From the saddle – Millin Bay Cairn

admin   March 2, 2021   Comments Off on From the saddle – Millin Bay Cairn

A couple of weeks ago, we launched a new series of things you can see from the saddle – Is that an Obelisk? Some readers were disappointed that the Obelisk was relatively modern, so for our second article we’ve chosen something much older. If you look in the field just south of the big house at Millin Bay (about 7km south of Cloghy), you can just make out a ring of stones. This is Millin Bay Cairn.

You can access the site via a fenced path round the front of the house

This is a complex Neolithic burial monument constructed between 3000BC and 2500BC. It was excavated in 1953, and the bones of 15 people were found, carefully sorted by bone type. It is thought that the people were buried somewhere else first, and later moved here – possibly for some sort of ancestor worship.

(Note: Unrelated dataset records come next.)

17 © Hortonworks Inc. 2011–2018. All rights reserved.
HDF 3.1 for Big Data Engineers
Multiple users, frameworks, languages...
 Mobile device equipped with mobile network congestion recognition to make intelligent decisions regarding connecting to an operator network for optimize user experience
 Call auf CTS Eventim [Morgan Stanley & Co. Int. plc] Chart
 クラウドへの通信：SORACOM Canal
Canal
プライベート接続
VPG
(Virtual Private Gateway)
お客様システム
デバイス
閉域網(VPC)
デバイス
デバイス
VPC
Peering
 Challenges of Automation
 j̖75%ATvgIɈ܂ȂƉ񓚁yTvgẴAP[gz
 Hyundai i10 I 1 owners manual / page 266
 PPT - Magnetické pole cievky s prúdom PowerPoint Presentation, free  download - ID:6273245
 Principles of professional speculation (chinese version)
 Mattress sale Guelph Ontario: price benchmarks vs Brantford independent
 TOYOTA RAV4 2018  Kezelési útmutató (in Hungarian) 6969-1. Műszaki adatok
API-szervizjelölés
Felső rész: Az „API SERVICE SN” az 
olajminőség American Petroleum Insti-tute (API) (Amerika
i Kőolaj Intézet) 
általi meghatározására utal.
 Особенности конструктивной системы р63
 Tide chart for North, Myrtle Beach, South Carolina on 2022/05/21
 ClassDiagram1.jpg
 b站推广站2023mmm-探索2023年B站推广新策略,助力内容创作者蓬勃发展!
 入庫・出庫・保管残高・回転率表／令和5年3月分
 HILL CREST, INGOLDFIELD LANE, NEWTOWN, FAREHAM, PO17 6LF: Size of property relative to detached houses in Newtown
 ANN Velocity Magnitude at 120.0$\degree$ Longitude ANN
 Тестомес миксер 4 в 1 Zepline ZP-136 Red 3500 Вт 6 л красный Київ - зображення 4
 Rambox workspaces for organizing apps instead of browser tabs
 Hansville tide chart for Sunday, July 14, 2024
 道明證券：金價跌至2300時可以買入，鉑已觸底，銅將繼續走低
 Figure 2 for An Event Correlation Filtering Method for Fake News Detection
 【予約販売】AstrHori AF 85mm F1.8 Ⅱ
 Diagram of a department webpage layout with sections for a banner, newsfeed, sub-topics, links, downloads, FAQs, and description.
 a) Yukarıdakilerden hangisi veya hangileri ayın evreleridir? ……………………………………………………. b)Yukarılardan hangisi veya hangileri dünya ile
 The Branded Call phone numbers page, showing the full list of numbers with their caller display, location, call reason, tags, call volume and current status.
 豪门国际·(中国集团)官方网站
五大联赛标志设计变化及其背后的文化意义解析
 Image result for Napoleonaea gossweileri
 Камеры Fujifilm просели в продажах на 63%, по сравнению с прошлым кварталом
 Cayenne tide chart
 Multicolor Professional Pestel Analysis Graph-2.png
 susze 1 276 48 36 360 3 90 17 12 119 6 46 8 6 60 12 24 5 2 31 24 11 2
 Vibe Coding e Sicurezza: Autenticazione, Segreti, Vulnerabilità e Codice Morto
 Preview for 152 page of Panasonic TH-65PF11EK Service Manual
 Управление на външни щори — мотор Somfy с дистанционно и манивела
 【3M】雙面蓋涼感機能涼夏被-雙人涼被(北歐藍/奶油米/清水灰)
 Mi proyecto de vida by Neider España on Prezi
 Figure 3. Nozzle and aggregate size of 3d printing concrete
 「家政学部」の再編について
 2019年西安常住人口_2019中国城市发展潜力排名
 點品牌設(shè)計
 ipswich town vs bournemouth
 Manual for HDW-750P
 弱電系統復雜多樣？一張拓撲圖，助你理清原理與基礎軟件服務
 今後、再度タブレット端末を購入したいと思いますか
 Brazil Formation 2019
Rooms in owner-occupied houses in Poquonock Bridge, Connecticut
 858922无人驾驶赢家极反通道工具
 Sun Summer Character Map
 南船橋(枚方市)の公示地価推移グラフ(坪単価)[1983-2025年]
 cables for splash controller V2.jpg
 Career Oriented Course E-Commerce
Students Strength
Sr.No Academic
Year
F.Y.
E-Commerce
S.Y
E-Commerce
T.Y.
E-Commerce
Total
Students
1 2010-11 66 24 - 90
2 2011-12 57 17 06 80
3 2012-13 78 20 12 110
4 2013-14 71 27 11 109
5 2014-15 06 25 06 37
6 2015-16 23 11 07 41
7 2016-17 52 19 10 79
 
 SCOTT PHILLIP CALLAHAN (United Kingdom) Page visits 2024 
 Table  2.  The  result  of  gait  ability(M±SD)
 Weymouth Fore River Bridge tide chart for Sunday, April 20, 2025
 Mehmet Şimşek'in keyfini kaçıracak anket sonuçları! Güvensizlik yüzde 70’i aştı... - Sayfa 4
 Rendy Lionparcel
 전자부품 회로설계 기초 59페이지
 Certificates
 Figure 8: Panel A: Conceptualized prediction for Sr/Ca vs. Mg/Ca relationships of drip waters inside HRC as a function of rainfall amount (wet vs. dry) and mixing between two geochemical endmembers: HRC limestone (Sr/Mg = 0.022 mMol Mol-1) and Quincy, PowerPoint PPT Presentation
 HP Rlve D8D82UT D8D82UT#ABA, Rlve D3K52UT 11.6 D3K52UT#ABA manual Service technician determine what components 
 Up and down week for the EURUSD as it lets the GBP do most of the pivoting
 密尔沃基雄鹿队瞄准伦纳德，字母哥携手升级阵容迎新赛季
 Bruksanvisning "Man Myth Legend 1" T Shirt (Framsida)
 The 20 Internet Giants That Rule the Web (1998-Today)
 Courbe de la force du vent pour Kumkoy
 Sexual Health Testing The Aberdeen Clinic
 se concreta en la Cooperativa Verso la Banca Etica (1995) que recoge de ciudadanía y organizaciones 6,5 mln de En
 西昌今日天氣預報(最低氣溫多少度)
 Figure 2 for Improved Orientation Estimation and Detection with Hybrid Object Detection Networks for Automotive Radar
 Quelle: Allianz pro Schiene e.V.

Millin Bay is a beautiful site, with views across the sea to the Isle of Man on a good day.

The pictures below show a plan of the site and the 1953 excavations. Over 60 stones were uncovered, several standing higher than a man, surrounding a inner cist. Unfortunately the site was very fragile, and was therefore partially filled in again. Today, you can only see the tops of some of the stones.


If you visit on the Summer Solstice, at sunrise, don’t forget to bring a small animal sacrifice…

And while you’re in the area…

There are lots of other historic sites worth visiting in this area. In addition to the better known ones like the National Trust village of Kearney and the healing waters at St Cooey’s Wells, here are a couple of other hidden gems.


This is Slans Graveyard, located about 1km south of Cloghy, and dating back to the first millennium AD. In the 1700s it was the main graveyard for Cloghy and Kirkistown, and also for the many sailors who drowned in the dangerous coastal waters here. According to the information board, “Between 1735 and 1768, no fewer than 64 vessels were lost on the rocks and adjoining coast with a loss of at least 253 lives”. There are also reports of a souterrain just outside the graveyard, but it seems to have been lost – maybe one to investigate further…

And finally – on a prominent hill about 1km south of Millin Bay Cairn is Tara Fort. To quote the voices from the dawn website, ‘This rath (earthen fort), and many others like it throughout Ireland, are (or were) thought to be “fairy forts,” inhabited and protected by “the gentry.” The legend of fairy music, which some have claimed to hear at Tara Fort, is widespread in Ireland. Some of the great musicians, it has been asserted, have composed their tunes after first hearing them played by the Little People.’

Our Tour of Strangford sportive, set for 12th September this year, passes many of these sites, so be sure to keep an eye (and an ear) out for them.

Footnote – this website does not encourage or endorse trespassing on private land or ritualistic animal sacrifice.